Une association religieuse a mis sur pied des rencontres entre mususlmans et non musulmans autour d'un repas pour briser les tabous de l'islam.

Dans le salon de Munira, un tableau de La Mecque surplombe une miniature du Mont-Saint-Michel. Autour de sa table à Eaubonne, dans le Val-d'Oise, deux familles d'éducation chrétienne sont invitées à partager un repas pour "briser les tabous" autour de l'islam. "L'islam, celui qu'on voit à la télé, ce sont les attentats, c'est Charlie Hebdo, ça fait peur, on n'en a pas une bonne image", commence Corinne, la quarantaine. L'islam, cette coquette blonde au maquillage soigné le vit désormais au quotidien: "Mon fils, que j'ai fait baptiser, s'est converti il y a un an et demi."


"Il fallait briser les tabous, que les gens se posent les questions directement, se disent les choses, sans prêcher la bonne parole"

Venue du Blanc-Mesnil, en Seine-Saint-Denis, elle a répondu à l'invitation de l'association religieuse Ahmadiyya, qui propose à des familles de venir déjeuner chez leurs voisins musulmans pour faire reculer l'islamophobie. Une opération qui s'inspire de campagnes déjà menées notamment au Canada. "Après les attentats, les gens se sont dit: 'Quelle place doit prendre l'islam'?", dit Asif Arif, membre de l'association. "Il fallait briser les tabous, que les gens se posent les questions directement, se disent les choses, sans prêcher la bonne parole."

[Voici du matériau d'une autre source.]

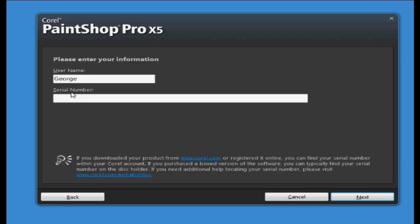So you then need to choose a username, obviously mine is George, and then you need to type in your serial number. Once you've typed in your serial number press next.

"Est-ce que j'ai apporté le désordre à la maison?" "Non, tu es même un peu mieux"

"J'ai envie de comprendre, de connaître la religion de mon fils", explique Corinne. Sébastien, 26 ans, converti "après un échec", l'a accompagné. Béret vissé à l'envers, il l'apostrophe entre deux plats mauriciens préparés par l'hôte Munira, originaire de l'île. "Est-ce que j'ai apporté le désordre à la maison?" "Non, tu es même un peu mieux", concède-t-elle. Il enchaîne. "Est-ce que je t'ai ouvert une fenêtre sur l'islam ?" "Oui, avec toi, j'en ai une meilleure image". En bout de table, Rookaya, 61 ans, cousine de Munira, promeut son "islam de paix, qui respecte toutes les religions, reconnaît tous les prophètes", pas celui qui est "mal vu car mal interprété".

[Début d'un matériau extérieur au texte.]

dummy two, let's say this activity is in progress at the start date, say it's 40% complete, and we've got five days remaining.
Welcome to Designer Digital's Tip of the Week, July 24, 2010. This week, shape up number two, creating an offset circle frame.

"Mais vous, si l'une de vos filles vous annonce demain 'je me convertis, je quitte l'islam', vous l'acceptez?"

"Mais vous, si l'une de vos filles vous annonce demain 'je me convertis, je quitte l'islam', vous l'acceptez?", la défie Corinne. "Ca me ferait beaucoup de mal, je n'accepterais pas, ma tolérance a des limites", reconnaît Rookaya. "Vous voyez, nous, on est plus tolérants!", la taquine Corinne. Face à ses contradictions, Rookaya sourit: "Elle serait toujours ma fille, mais ce serait sa responsabilité, sa relation avec Dieu".


Et le voile?

Derrière leurs assiettes, trois femmes portent le voile: Munira, sa fille Inès et Rookaya. "Pourquoi un foulard?", demande Corinne. Rookaya: "c'est juste un couvre-chef, comme une kippa, un turban, un chapeau. Le foulard, ce n'est pas l'islam, c'est toutes les religions, regardez vos bonnes soeurs!" "Pour nous les femmes, le voile, c'est toujours inquiétant, on a peur que ça se répercute sur nos droits. La femme voilée aurait plus de vertu que celle non voilée", craint Gabrielle, la trentaine et kinésithérapeute à Eaubonne. "Après on va toucher à la mini-jupe, aux talons?" poursuit un autre Sébastien, son compagnon, qui pointe "les dérives, les gens qui forcent les femmes à cacher leur visage". Rookaya trépigne: "Dans l'islam, les femmes se maquillent, s'habillent comme elles veulent, on est libres, on peut travailler, gagner notre argent". Mines dubitatives des invités. Aslam, mari de Munira, y voit l'effet "des médias qui manipulent" et ne parlent que "des Saoudiennes à qui on interdit de conduire".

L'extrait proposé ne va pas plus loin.